Work required = Copy exactly the lines from the one containing "Gap Pleat Crochet Ruffle Tee - Blood Orange" through the last line of the records, both included, and nothing more.

Supplied information =
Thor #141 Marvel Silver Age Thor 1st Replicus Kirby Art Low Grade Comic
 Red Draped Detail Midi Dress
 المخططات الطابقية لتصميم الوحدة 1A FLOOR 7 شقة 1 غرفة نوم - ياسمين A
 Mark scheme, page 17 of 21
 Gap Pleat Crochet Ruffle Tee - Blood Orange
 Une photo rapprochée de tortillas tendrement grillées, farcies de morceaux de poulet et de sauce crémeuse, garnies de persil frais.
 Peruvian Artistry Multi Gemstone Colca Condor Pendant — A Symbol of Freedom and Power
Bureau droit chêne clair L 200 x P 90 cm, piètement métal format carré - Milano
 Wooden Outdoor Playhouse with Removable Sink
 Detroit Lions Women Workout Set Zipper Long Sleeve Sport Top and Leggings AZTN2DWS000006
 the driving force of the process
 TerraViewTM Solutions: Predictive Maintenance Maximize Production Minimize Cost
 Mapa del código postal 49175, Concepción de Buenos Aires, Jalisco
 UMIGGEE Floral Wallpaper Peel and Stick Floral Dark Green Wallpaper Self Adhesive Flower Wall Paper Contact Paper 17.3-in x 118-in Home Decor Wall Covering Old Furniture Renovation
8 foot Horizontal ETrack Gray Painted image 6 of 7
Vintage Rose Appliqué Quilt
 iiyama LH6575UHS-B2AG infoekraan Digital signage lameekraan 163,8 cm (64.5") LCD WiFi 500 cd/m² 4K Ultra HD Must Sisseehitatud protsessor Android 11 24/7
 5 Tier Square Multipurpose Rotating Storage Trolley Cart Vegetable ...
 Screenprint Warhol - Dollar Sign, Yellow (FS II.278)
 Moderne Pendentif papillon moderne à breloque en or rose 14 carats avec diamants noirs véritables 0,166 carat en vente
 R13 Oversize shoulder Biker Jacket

Answer to this exercise =
 Gap Pleat Crochet Ruffle Tee - Blood Orange
 Une photo rapprochée de tortillas tendrement grillées, farcies de morceaux de poulet et de sauce crémeuse, garnies de persil frais.
 Peruvian Artistry Multi Gemstone Colca Condor Pendant — A Symbol of Freedom and Power
Bureau droit chêne clair L 200 x P 90 cm, piètement métal format carré - Milano
 Wooden Outdoor Playhouse with Removable Sink
 Detroit Lions Women Workout Set Zipper Long Sleeve Sport Top and Leggings AZTN2DWS000006
 the driving force of the process
 TerraViewTM Solutions: Predictive Maintenance Maximize Production Minimize Cost
 Mapa del código postal 49175, Concepción de Buenos Aires, Jalisco
 UMIGGEE Floral Wallpaper Peel and Stick Floral Dark Green Wallpaper Self Adhesive Flower Wall Paper Contact Paper 17.3-in x 118-in Home Decor Wall Covering Old Furniture Renovation
8 foot Horizontal ETrack Gray Painted image 6 of 7
Vintage Rose Appliqué Quilt
 iiyama LH6575UHS-B2AG infoekraan Digital signage lameekraan 163,8 cm (64.5") LCD WiFi 500 cd/m² 4K Ultra HD Must Sisseehitatud protsessor Android 11 24/7
 5 Tier Square Multipurpose Rotating Storage Trolley Cart Vegetable ...
 Screenprint Warhol - Dollar Sign, Yellow (FS II.278)
 Moderne Pendentif papillon moderne à breloque en or rose 14 carats avec diamants noirs véritables 0,166 carat en vente
 R13 Oversize shoulder Biker Jacket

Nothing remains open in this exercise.